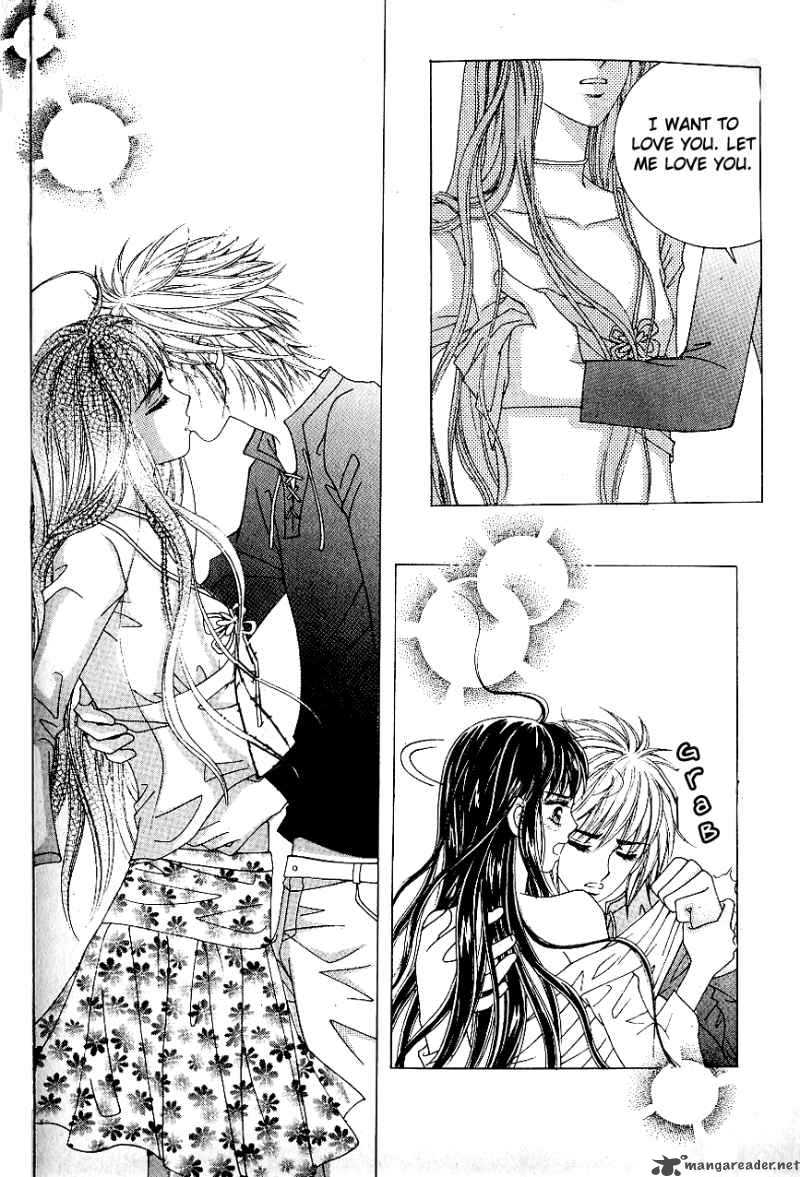 Love In The Mask 45 38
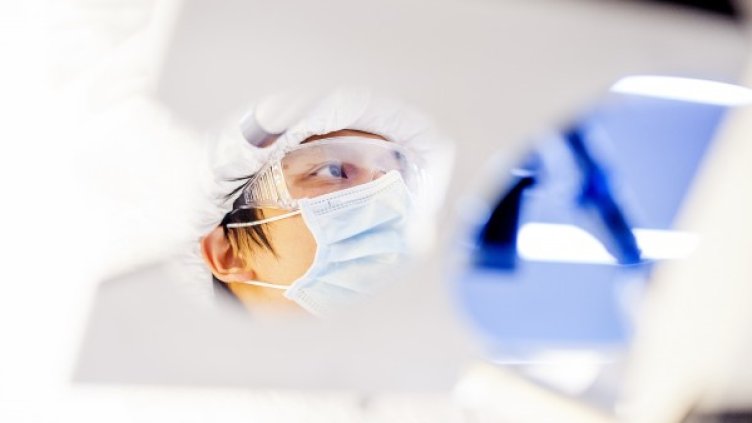 Снимка: Reuters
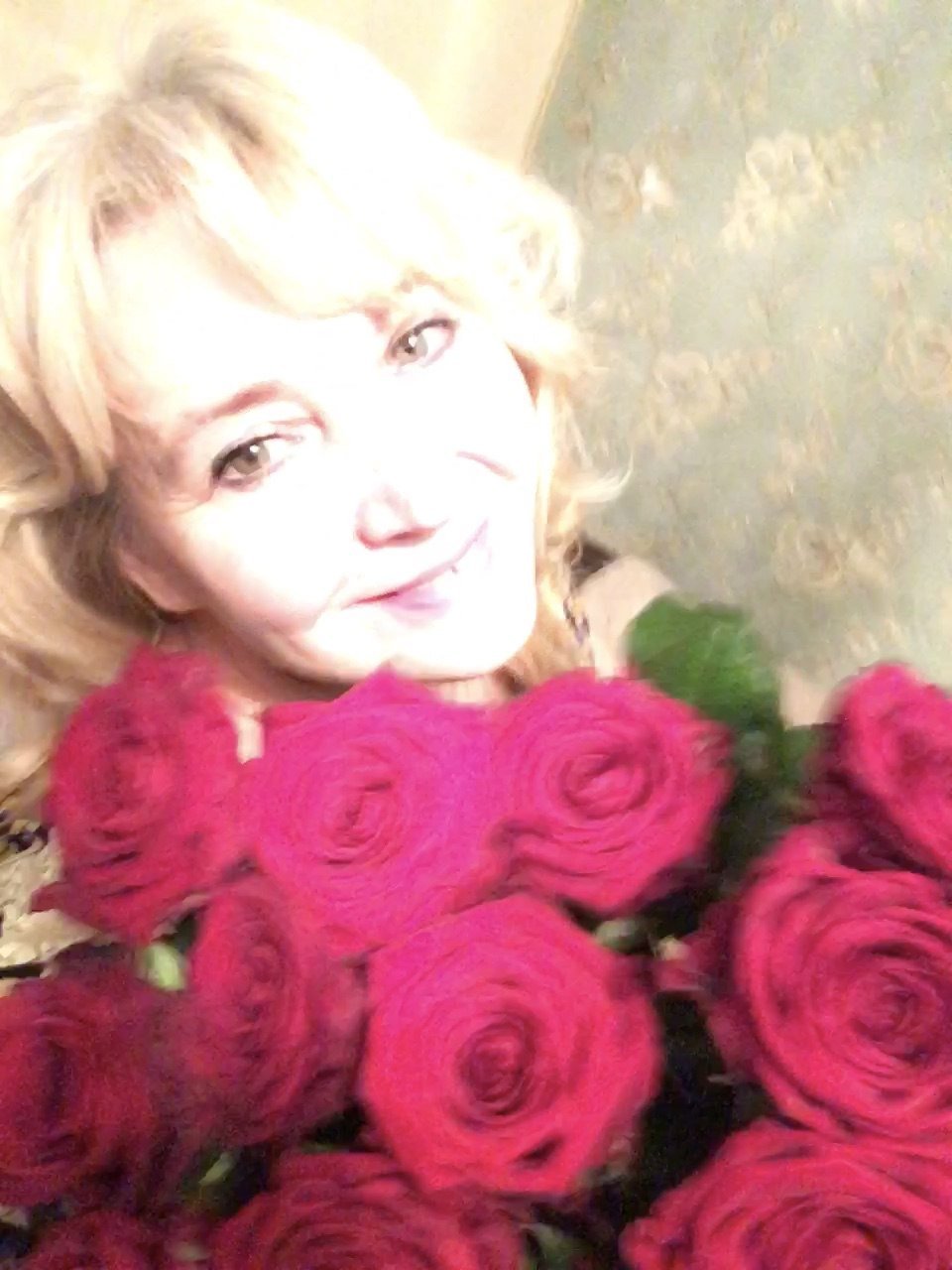 Тобой, как Солнцем золотым. Посвящение С. Т. 11055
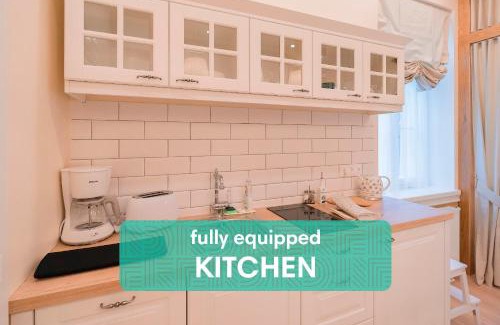 Kesklinn Apartamento | Revelton Suites Tallinn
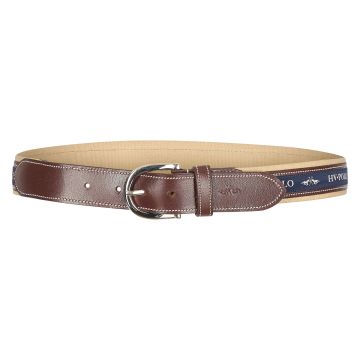 Belt HVPIconic -  Brown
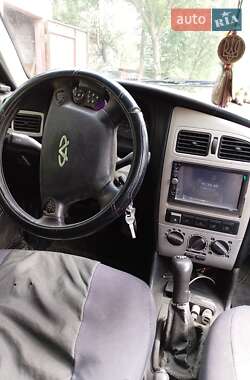 Седан Chery Amulet 2008 в 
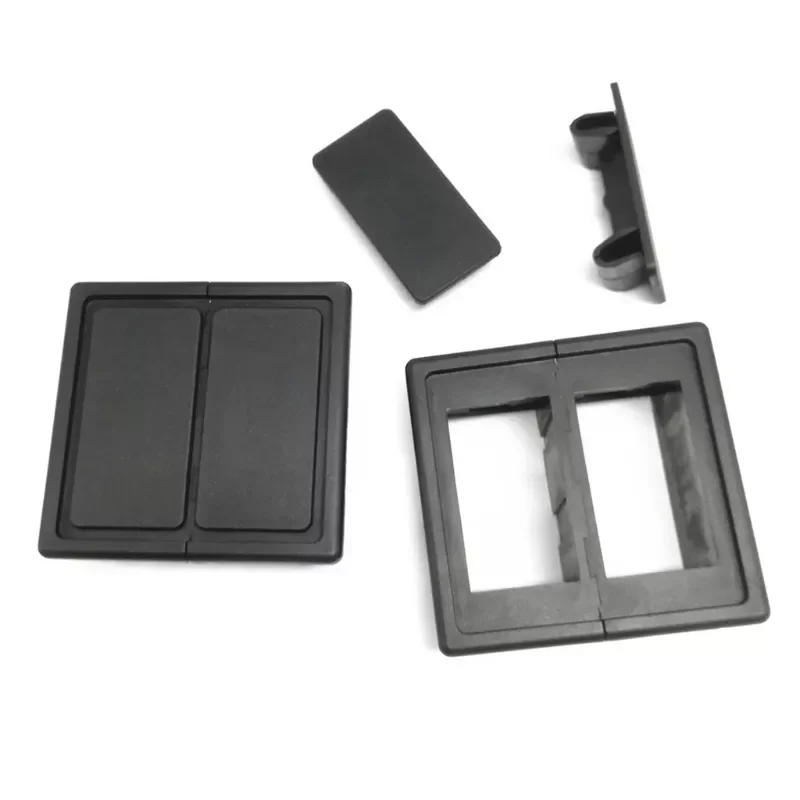 

5/6 Speed Car Gear Knob Cap Cover Shift Lever Head Cover for Renault Clio Twingo Scenic Megane II 1996-2011 Car Accessories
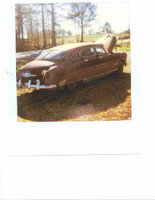 1951 Hudson Hornet Overview 1951 Hudson Hornet Overview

■ ■ ■ ■

■ Work instruction
Using the entries above, transcribe exactly from the line that has "Тобой, как Солнцем" through the line that has "Седан Chery Amulet 2008 в". Pictures are dropped.

■ Result for this task
 Тобой, как Солнцем золотым. Посвящение С. Т. 11055
 Kesklinn Apartamento | Revelton Suites Tallinn
 Belt HVPIconic -  Brown
 Седан Chery Amulet 2008 в 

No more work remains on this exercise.